Tour de force
As we queued in the Dalston drizzle outside Cafe Oto for last night’s sold-out show by the Tyshawn Sorey Trio, I don’t suppose many of us realised quite the extent to which we were about to enter a better world.
Outside: the return of territorial conquest as a mode of historical change, the revived persecution of minorities, the increasing contrast between private affluence and public squalor, the plight of bankrupt councils trying not to close libraries and other basic services, the destruction of humanities courses in universities, the malign manipulation of such digital-era innovations as AI and cryptocurrency, the exaltation of spite, revenge and mistrust in public life, and the general deprecation of the public good. Inside: playing non-stop, without a break, for two and a quarter hours, Sorey and his colleagues, the bassist Harish Raghavan and the pianist Aaron Diehl, reminding us of what human beings can do, at their very best.
There was too much to describe. This is a group that thinks in long durations, in slow development, in whispers as well as roars. Its three albums (the first two of which had Matt Brewer on bass) fully demonstrated those priorities. In person, however, the effect is more than redoubled, thanks to the brilliance with which they manage the flow and its sometimes radical transitions through nothing more than eye-contact cues, twice managing gradual and beautifully calibrated accelerations that transported the crowd as well as the musicians.
Each player is a virtuoso, a product of intense learning and dedication as well as innate talent. But the machine they build, as with any great group, is superior to the sum of its constituent parts. There were elements of blues and gospel in some of the vast, surging climaxes that drew shouts from the audience, and of ballads and different shades of blues in the passages that flirted with silence. Sorey’s rattling Latin rhythms bounced off the walls; his gossamer shuffle barely disturbed the air. Diehl’s dizzyingly fast upper-register filigree phrases spun with a centripetal force. Raghavan’s assertive agility was balanced by deep thoughtfulness.
Their repertoire avoids original material in favour of extended explorations and dissections of generally lesser known pieces by significant jazz composers: Ahmad Jamal, Duke Ellington, Muhal Richard Abrams, Wayne Shorter, Horace Silver, Brad Mehldau, McCoy Tyner, Harold Mabern. Since the chosen themes are not the obvious ones, and are not identified in performance, the audience listens with fresh ears, unaffected by the comfort of familiarity, open to everything they do.

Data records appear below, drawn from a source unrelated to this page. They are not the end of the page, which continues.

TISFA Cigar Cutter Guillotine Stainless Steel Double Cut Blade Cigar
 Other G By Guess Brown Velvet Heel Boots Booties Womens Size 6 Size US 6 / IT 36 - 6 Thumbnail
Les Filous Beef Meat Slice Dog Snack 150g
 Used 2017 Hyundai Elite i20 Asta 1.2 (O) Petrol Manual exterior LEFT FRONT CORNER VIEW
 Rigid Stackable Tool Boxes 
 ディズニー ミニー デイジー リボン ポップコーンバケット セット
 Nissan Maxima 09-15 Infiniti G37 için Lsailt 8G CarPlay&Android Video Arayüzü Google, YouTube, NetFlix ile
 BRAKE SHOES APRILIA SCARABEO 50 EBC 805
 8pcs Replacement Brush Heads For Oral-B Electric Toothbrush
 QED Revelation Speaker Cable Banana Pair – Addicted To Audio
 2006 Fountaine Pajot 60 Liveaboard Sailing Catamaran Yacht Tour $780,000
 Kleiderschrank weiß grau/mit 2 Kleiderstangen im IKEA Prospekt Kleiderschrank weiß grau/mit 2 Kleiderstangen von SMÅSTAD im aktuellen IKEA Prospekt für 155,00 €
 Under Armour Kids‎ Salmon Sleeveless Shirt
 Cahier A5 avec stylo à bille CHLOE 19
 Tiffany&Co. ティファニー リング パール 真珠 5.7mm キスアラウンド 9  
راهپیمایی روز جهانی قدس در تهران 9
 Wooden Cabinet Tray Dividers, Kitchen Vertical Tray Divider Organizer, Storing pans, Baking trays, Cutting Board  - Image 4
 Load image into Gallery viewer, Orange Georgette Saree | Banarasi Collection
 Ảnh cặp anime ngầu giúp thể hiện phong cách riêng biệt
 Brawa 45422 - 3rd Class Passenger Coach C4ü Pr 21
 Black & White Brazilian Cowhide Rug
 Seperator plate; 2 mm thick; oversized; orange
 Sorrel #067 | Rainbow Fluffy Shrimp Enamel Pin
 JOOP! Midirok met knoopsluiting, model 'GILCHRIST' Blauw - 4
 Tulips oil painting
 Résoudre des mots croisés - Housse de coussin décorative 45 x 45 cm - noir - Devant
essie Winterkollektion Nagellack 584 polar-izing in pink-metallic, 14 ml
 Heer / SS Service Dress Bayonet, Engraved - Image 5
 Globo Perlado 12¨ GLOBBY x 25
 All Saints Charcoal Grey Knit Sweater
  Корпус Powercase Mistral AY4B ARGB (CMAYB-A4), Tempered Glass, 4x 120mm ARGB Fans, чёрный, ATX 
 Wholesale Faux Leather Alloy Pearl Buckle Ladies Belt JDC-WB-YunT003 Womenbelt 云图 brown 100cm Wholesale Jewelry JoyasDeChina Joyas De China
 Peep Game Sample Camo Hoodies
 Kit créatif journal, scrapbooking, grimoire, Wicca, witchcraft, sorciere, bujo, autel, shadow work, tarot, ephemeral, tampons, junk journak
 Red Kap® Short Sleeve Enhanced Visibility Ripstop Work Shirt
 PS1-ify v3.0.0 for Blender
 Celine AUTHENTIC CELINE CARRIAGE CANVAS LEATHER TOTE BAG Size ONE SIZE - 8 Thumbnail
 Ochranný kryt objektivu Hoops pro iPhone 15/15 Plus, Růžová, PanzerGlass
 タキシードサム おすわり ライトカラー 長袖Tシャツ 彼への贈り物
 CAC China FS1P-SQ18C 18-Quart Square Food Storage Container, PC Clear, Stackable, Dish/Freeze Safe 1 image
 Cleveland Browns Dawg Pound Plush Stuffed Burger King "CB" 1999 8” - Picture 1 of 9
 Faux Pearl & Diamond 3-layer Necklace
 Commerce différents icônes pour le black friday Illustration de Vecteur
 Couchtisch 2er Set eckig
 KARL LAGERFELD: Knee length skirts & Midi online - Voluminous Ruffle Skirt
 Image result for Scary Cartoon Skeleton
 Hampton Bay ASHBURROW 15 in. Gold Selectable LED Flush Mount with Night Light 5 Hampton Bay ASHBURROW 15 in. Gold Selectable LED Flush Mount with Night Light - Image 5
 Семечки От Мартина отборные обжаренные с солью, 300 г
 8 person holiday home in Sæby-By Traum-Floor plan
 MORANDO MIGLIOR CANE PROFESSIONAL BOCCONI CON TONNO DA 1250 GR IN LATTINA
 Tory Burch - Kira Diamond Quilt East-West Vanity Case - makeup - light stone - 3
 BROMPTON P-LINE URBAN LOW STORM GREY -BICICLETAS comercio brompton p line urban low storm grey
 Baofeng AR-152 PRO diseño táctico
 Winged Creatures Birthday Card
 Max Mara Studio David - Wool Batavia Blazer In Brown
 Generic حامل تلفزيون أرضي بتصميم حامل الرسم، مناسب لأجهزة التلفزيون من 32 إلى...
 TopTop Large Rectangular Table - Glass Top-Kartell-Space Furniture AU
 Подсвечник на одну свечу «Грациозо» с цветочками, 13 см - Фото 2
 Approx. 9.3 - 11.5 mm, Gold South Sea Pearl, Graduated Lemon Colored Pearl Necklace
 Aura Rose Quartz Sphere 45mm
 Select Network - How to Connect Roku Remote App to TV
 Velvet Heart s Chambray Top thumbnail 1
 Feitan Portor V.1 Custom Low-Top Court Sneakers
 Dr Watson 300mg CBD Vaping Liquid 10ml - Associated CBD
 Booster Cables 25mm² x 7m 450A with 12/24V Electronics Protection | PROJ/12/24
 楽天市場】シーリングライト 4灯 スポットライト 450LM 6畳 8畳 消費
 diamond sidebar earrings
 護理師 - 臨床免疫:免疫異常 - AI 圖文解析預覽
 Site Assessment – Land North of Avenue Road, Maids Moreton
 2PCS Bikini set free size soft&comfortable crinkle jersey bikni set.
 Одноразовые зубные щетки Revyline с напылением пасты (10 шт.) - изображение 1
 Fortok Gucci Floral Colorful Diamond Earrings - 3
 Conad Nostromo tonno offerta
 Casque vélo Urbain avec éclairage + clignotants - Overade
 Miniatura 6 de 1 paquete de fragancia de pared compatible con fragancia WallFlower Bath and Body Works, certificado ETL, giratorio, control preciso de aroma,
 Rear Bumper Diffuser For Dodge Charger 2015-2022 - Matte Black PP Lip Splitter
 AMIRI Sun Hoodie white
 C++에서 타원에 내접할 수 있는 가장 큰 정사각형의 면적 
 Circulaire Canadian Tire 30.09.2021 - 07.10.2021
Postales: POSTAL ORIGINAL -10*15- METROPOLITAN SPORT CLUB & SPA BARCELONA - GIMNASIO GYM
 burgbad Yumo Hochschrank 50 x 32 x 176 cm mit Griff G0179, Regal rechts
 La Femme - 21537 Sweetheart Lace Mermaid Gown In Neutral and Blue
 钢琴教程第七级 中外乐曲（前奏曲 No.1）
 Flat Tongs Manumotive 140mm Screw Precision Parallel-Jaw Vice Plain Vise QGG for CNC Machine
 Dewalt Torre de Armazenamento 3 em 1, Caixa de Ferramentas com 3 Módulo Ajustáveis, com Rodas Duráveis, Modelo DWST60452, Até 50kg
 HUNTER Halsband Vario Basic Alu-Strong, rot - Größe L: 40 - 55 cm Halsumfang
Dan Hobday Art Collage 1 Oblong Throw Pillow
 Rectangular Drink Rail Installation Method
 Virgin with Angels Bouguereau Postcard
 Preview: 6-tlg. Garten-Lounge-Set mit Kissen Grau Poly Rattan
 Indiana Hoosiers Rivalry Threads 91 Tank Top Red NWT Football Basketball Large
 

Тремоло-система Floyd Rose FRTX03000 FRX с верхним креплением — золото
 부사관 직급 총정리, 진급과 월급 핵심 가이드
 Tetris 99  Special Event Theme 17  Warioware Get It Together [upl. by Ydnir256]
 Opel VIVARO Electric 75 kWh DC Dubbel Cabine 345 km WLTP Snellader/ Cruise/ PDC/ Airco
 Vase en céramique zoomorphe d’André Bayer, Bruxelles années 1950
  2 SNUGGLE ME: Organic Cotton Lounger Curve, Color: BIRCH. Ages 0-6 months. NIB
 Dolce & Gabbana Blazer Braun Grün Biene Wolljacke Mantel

“See you on the other side,” Sorey had said before the start of the journey. After an hour or so, during a quiet passage, he asked: “Y’all still with us?” Not only were we still with them, both then and at the reluctant end of the performance, but many of us were probably still with them on the journey home and on the morning after, and will be with them for some time to come. An unforgettable night.
* The Tyshawn Sorey Trio’s three albums — Mesmerism, Continuing and The Susceptible Now — are on Pi Recordings, available at tyshawn-sorey@bandcamp.com
** In the original version of this I had a moment of brain fade and wrote “public affluence and private squalor”. Now corrected.